┌────────

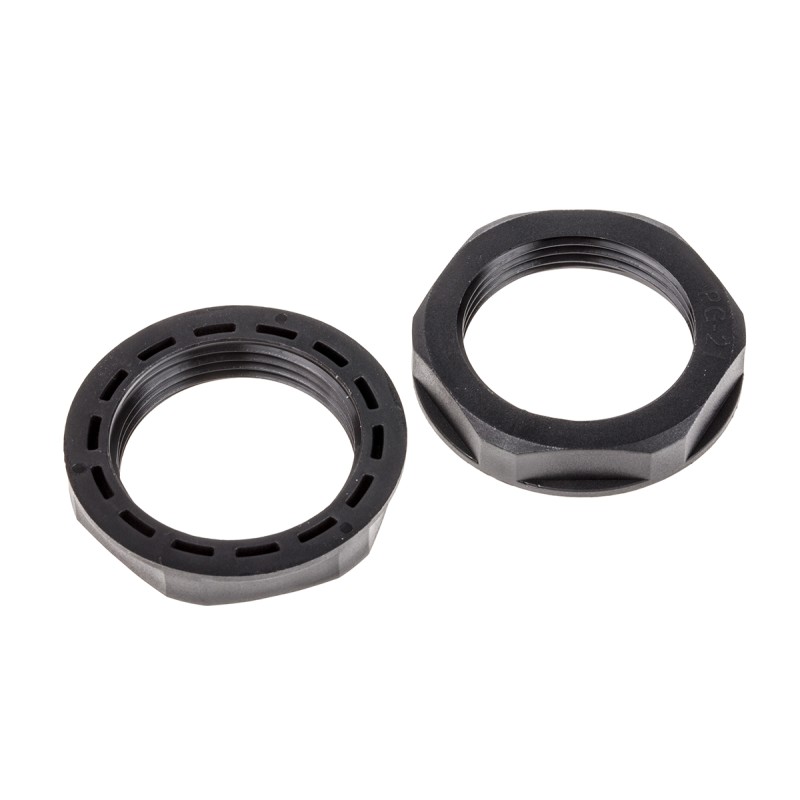 50 pcs - RS PRO Black Nylon 66 Cable Gland Locknut, PG21 Thread, IP68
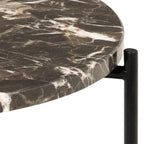 Avril Side Table with Brown Marble Top 42x45cm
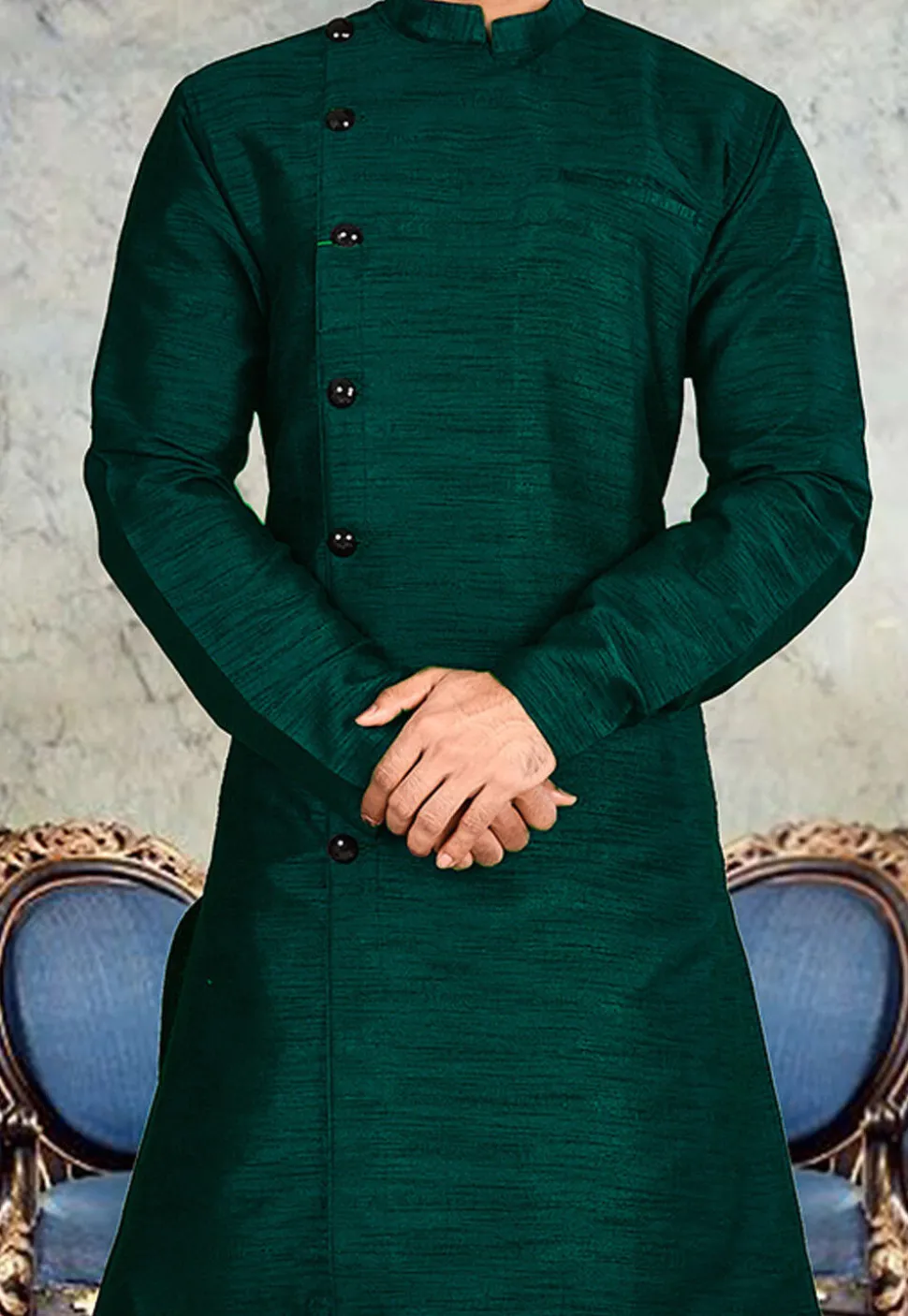 Solid Color Art Silk Dhoti Kurta in Teal Green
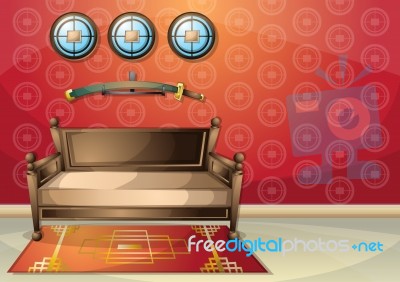 Cartoon  Illustration Interior Chinese Room With Separated Layers Stock Image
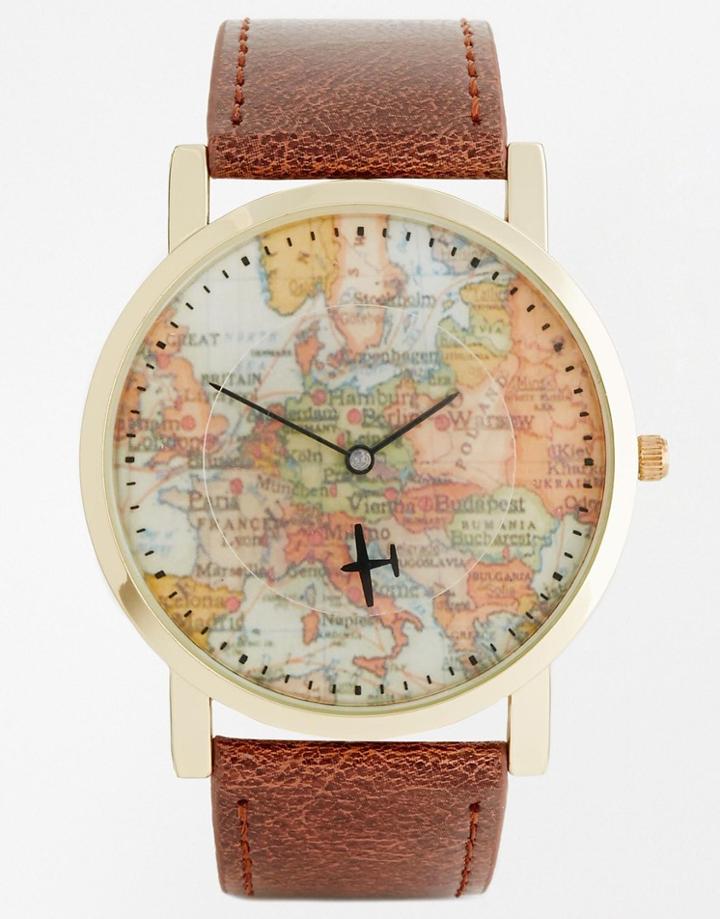 Asos Watch With Vintage Map Print - Brown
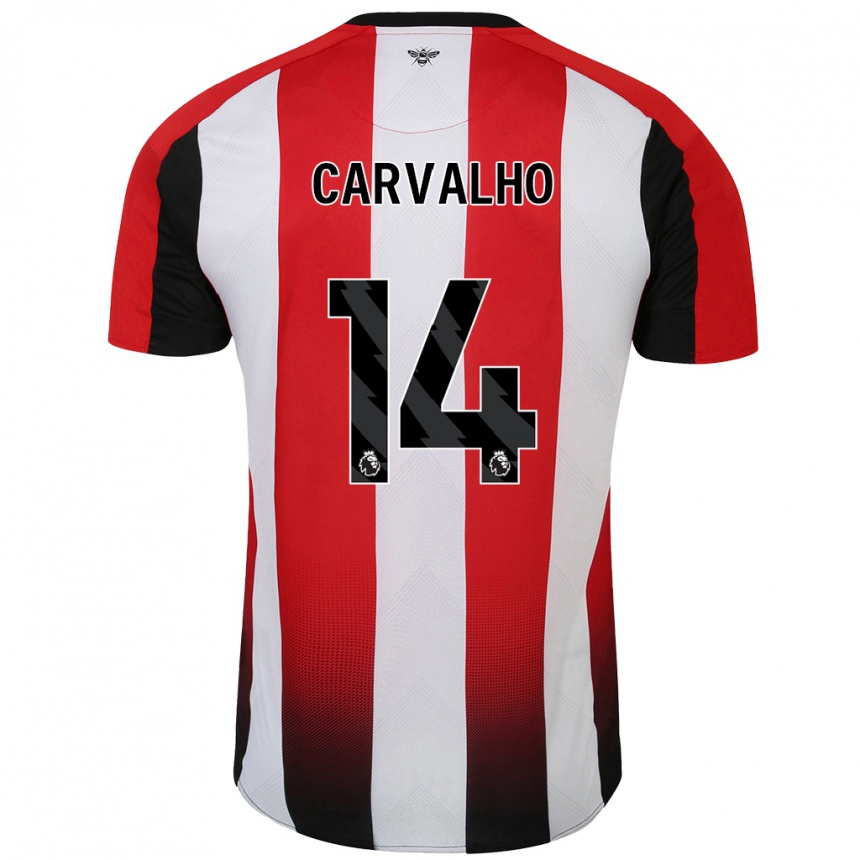 Niño Fútbol Camiseta Fabio Carvalho #14 Rojo Blanco 1ª Equipación 2024/25 Argentina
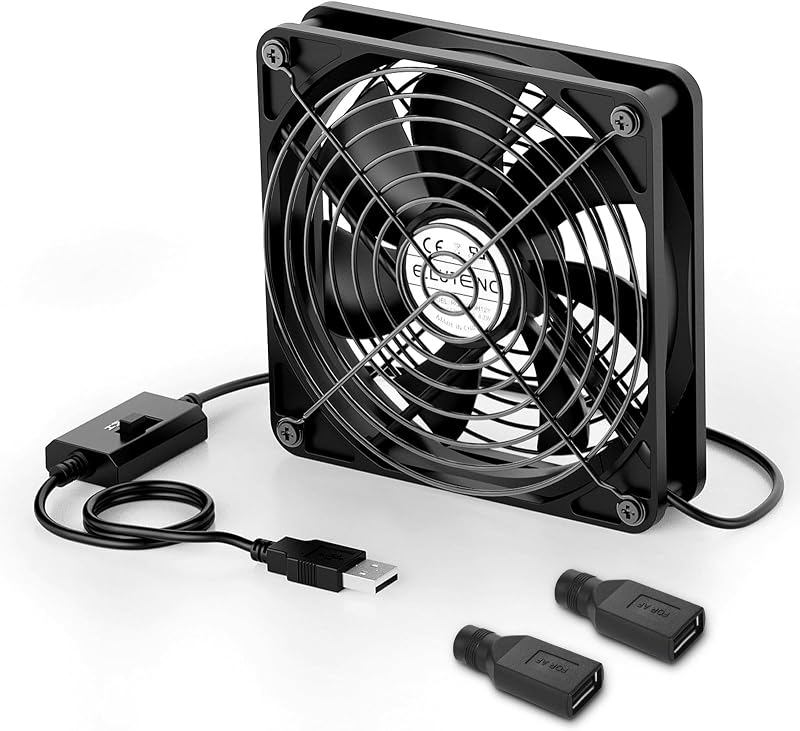 120mm USB Computer Fan, 5V PC Cooling Fan with 3 Adjustable Speeds | DC to USB Adapter, Metal Grill Fan for Laptop, PS5/PS4, TV Box, Router, AV Cabinet & Projector, Black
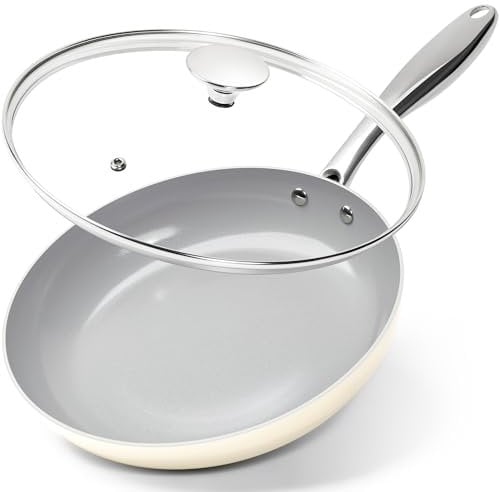 MICHELANGELO Non Stick Frying Pan 26cm, Ceramic Fry Pan with Lid, Induction Skillet Nonstick, Non Toxic Frying Pans, Ceramic-Coated, Beige
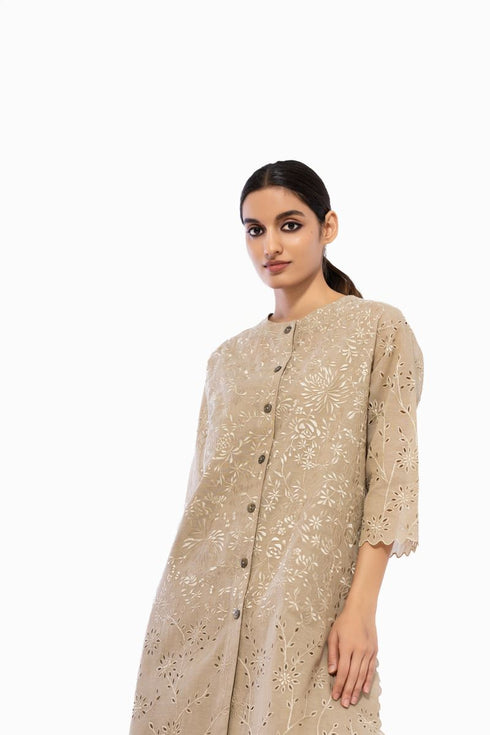 Natural cutwork handloom cotton tunic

└────────

Goal of the exercise
Print the data above from its first line through the line that has "120mm USB Computer", exactly and with nothing else, omitting pictures.

Output for this task
 50 pcs - RS PRO Black Nylon 66 Cable Gland Locknut, PG21 Thread, IP68
 Avril Side Table with Brown Marble Top 42x45cm
 Solid Color Art Silk Dhoti Kurta in Teal Green
 Cartoon  Illustration Interior Chinese Room With Separated Layers Stock Image
 Asos Watch With Vintage Map Print - Brown
 Niño Fútbol Camiseta Fabio Carvalho #14 Rojo Blanco 1ª Equipación 2024/25 Argentina
 120mm USB Computer Fan, 5V PC Cooling Fan with 3 Adjustable Speeds | DC to USB Adapter, Metal Grill Fan for Laptop, PS5/PS4, TV Box, Router, AV Cabinet & Projector, Black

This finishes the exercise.